As for Mike’s desire ‘to redress the balance of work with young people towards a more positive approach’ we heartily agree. If the ideas of PYD have been significant for him, we must think this through further.  Our dilemma, being long in the tooth, is that we don’t think we can debate PYD outside of what’s happening to youth work today in this country and without a profound sense of its history.  Thus there is an important liberal or social-democratic tradition, instituted by Albermarle, which is young person-centred, egalitarian and holistic, founded on process and relationships.  Indeed this view dominated youth work training for at least 30 years.  How far this tradition, described as social education at its height, impacted on practice is a major question, and we were both part of it and critical towards it.  To cut a complex story short, it is this very tradition which has been under attack for at least the last 20 years.  This situation led Bernard Davies to publish his ‘Manifesto for Youth Work’, available for download at the NYA web site, in which he articulates afresh the substance of liberal, progressive youth work. Thinking about the possibilities of PYD ought be grounded in the historical and theoretical work of such as Bernard Davies, Jean Spence, Tony Jeffs, Mark Smith, Gus John, Kalbir Shukra, Mae Shaw and her collaborators from the Concept journal et al, together with a sober analysis of today’s predicament.  Of course this is possible, whether it will be encouraged is another matter.

With all this in mind we hope that the launch of Tim and Sarah’s work leads to lively and renewed debate about the state of Youth Work in 2008.

Best Wishes

Tony and Marilyn Taylor

January 14, 2008 2:17 PM
 

Mike Amos-Simpson said:

wow quite a reply Tony! I don't think my brains had to work that hard since I accidentally enrolled to study 'Pollen Analysis' to make up my units at Uni (if you're confused imagine how it was for me!)

I definitely wouldn't want to to discourage anyone to ask questions of services for young people so apologies if it came across that way - if anything much more of this is needed.

I think I would tend to defend the PYD approach just because so much of my own work has been based on it. The Young Movers programme we ran was very successful and we're continuing to try and progress from this through the work we do as YoMo - but it does and always has felt as though we're very lonely in relation to policy.

When I first proposed the programme at the NCRC it wasn't exactly warmly welcomed - they were looking for something that would do 'drugs education' or help 'young mums' - all the rage then! A proposal to run a 'wishy washy' programme loosely based on 'competencies' from an American programme and with a proactive & preventative approach just didn't fit in with the youth work climate then.

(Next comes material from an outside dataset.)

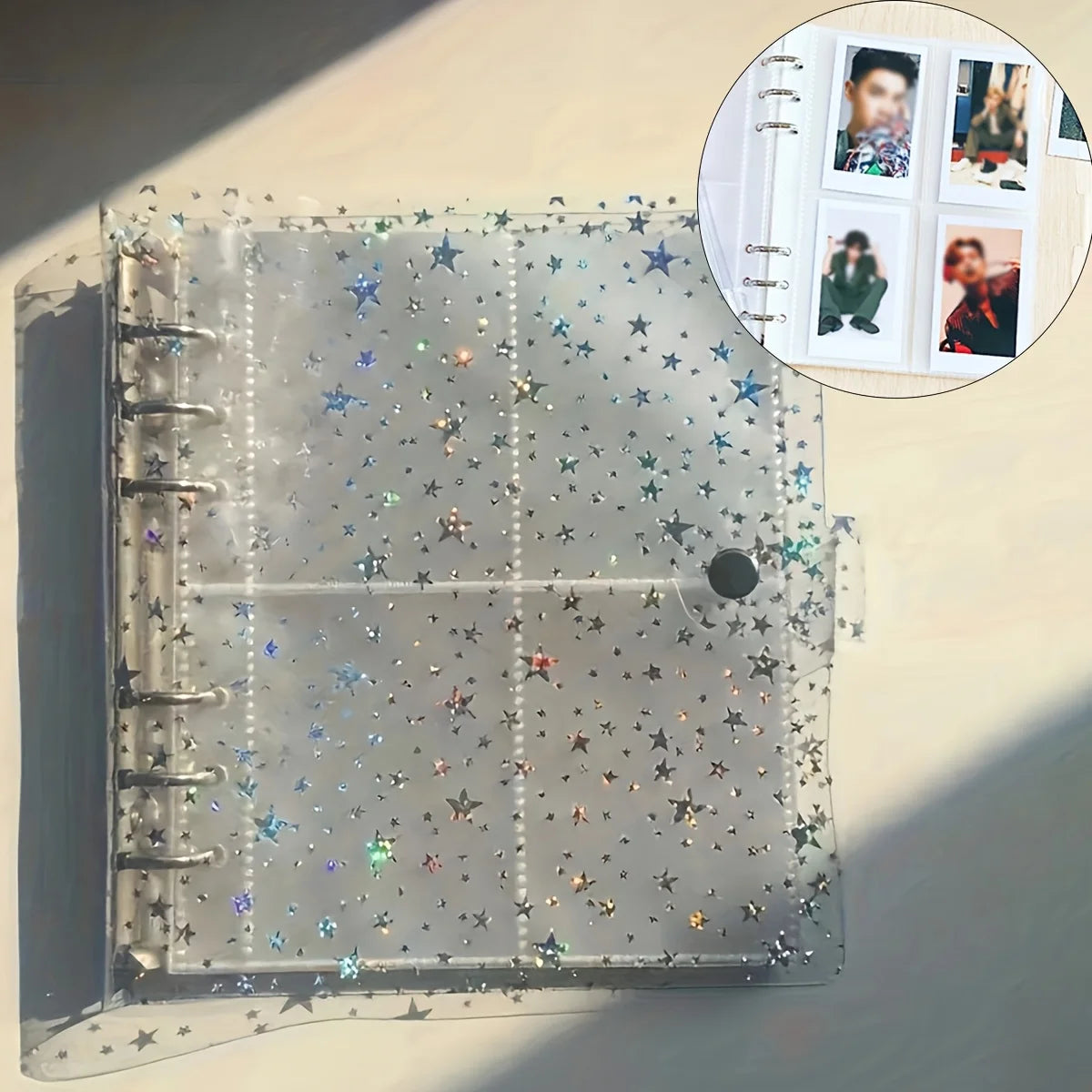 200-Slot 3-Inch Photo & Polaroid Card Album – Holographic Cover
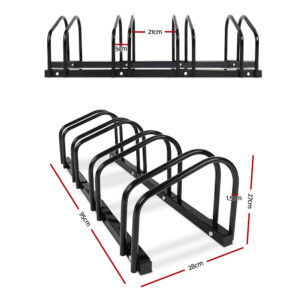 Weisshorn 4 Bike Stand Rack Bicycle Storage Floor Parking Holder Cycling Black – Nice N Cheap Variety Store Weisshorn 4 Bike Stand Rack Bicycle Storage Floor Parking Holder Cycling Black - Image 2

Still I won the argument and we gave it a go. Since then there have been some large scale prorammes including Positive Activities for Young People and more recently the Get Real Scheme operated by the YHA. Both of these got me excited at the time - and then ultimately disappointed. My opinion is that these were a wasted opportunity - they failed to make the link between young peoples leisure interests and putting them to use in a way that genuinely benefits society (& subsequently the young people involved). Instead they're just leisure programmes - and if this is their only aim then my criticism is unfair, but to me it was a wasted opportunity because not enough consideration had been put into how young people can take part in enjoyable activities but in a way that is genuinely useful (not just a short term good time).

We have made that link - its what all our work is based on - but we're a very small organisation with absolutely no influence into policy at all. So I'm very keen to support any effort towards swinging that balance.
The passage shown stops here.